Start with the current five starters, add Manny Bañuelos, Carson Fulmer, and the Dylan boys (Covey and Cease), and you’ve got your nine. A lot of young arms, and one very old one would throw fewer pitches an outing. A possible rotation would be:
Rodon – Nova – Fulmer
Lopez – Santana – Covey
Giolito – Bañuelos – Cease
Bullpen: Alex Colomé/Kelvin Herrera/Jace Fry/Nate Jones
That’s just one option. It’s an attempt at balance among the units, but there may be very good reasons to go with a different alignment. With nine in the rotation, Renteria could play Sudoku to figure out how it should work.
The middle group has no lefty, but I can’t think of another one who might be able to go three innings regularly. Cease may eventually be one of those stars that keep you from wanting to go 3-3-3, but for now he’s assigned to light duty, so it would work well.
The order within each group should probably rotate, at least at first if only because whoever starts has no chance to get a win under current rules. Mix in the four relievers, making sure at least one (Fry) is capable of multiple innings, to give the rotation a rest for those on innings limits, but relievers should be needed a lot less often under this system.
I know, I know. Your immediate reaction is, “Three innings of (fill in the blank)? You’ve got to be kidding!” But, hey, at least you’ll know it’s not more than three innings.
A good time to change things would be the All-Star break, at which point the Sox should be well out of the competition even in the AL Central. So, nothing to lose.

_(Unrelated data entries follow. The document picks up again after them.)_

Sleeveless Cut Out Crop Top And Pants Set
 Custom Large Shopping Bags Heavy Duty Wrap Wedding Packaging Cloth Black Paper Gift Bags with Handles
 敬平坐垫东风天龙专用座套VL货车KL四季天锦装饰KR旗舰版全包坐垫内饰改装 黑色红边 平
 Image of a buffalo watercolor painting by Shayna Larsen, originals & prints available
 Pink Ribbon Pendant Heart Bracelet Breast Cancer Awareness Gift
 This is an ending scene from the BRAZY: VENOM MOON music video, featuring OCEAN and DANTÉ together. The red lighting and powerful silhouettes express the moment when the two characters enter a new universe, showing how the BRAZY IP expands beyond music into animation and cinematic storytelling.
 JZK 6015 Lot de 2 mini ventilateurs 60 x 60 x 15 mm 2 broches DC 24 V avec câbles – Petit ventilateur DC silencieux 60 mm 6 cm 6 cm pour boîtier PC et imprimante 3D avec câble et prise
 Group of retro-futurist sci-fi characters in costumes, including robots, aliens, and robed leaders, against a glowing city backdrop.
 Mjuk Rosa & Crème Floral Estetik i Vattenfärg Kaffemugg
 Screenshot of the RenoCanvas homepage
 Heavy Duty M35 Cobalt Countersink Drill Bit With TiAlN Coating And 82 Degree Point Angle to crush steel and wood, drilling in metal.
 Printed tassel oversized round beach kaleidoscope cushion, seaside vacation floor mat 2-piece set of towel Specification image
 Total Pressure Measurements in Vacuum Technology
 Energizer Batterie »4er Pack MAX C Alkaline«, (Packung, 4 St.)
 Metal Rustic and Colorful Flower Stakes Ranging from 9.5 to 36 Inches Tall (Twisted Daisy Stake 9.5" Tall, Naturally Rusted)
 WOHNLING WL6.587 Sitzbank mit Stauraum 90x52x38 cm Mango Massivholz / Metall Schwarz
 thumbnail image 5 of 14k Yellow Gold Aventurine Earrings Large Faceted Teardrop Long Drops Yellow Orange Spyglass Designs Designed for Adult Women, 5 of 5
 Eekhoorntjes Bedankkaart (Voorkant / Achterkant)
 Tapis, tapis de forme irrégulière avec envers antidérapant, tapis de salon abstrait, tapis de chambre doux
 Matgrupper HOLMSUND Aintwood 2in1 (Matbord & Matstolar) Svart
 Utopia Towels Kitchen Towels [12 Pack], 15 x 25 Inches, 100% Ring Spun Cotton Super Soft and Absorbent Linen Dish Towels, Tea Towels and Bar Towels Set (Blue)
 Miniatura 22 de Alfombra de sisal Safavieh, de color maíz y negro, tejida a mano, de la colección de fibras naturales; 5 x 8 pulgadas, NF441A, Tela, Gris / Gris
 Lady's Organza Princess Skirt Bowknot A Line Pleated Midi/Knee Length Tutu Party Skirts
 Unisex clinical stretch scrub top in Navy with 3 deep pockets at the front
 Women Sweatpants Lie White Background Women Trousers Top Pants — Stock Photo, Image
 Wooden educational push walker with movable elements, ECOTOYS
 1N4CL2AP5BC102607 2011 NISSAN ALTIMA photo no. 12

Is this some sort of foolproof move? Of course not. It’s an experiment, with the same staff, and whole lot of alchemists failed to turn lead into gold. On the other hand, experiments led to electricity, powered flight and chocolate chip cookies.
Besides, Jerry Reinsdorf should love this system. Many pitchers going three innings are basically middle relievers, generally the least expensive on the market. He can pinch those pennies even tighter. while looking like a luminary.
Or a poet and a thief.
Get hip, White Sox, with 3-3-3. It’s the future.